WORK REQUIRED:
Reproduce, exactly and only, the lines of the data that follows from the one containing "Oak 40x30x2.5cm with central recessed handle" down to the one containing "Tommy Hillfiger Jeans", without pictures.

EXERCISE MATERIAL:
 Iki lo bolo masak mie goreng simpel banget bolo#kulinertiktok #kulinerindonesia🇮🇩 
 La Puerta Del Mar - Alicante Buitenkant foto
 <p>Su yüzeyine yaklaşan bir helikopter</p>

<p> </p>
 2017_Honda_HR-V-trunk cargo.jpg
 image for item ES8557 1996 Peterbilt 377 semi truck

---

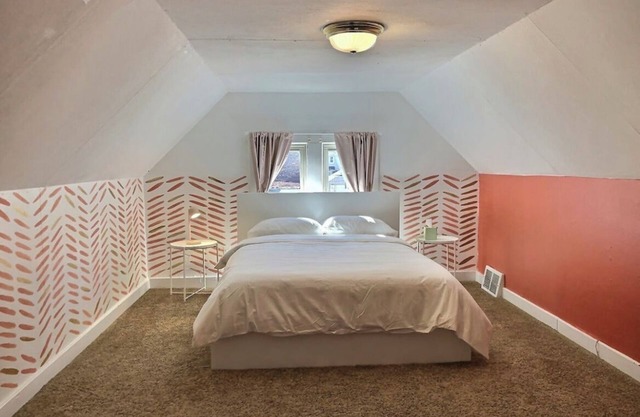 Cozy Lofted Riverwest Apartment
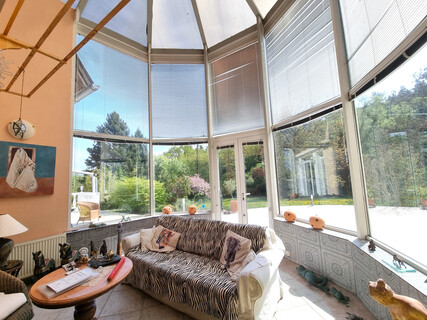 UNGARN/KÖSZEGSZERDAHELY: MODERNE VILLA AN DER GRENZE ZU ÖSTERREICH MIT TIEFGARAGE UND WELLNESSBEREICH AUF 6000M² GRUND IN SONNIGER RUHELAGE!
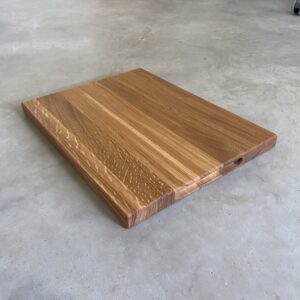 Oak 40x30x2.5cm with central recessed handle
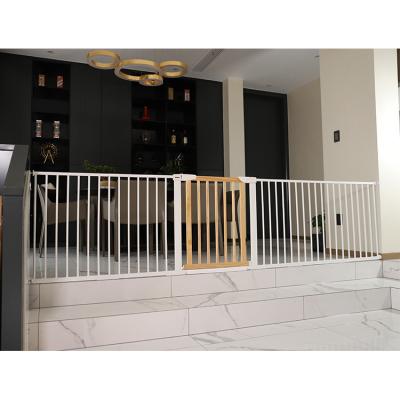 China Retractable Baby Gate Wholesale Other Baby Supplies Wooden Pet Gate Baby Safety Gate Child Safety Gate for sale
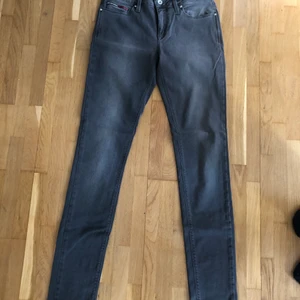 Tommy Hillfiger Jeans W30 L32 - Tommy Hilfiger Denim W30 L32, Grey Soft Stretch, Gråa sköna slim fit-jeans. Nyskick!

==

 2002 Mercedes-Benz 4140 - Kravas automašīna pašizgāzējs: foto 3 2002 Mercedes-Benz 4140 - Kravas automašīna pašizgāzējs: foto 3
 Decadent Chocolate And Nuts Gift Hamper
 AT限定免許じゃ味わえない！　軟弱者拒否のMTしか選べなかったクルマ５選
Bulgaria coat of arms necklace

RESULT FOR THIS TASK:
 Oak 40x30x2.5cm with central recessed handle
 China Retractable Baby Gate Wholesale Other Baby Supplies Wooden Pet Gate Baby Safety Gate Child Safety Gate for sale
 Tommy Hillfiger Jeans W30 L32 - Tommy Hilfiger Denim W30 L32, Grey Soft Stretch, Gråa sköna slim fit-jeans. Nyskick!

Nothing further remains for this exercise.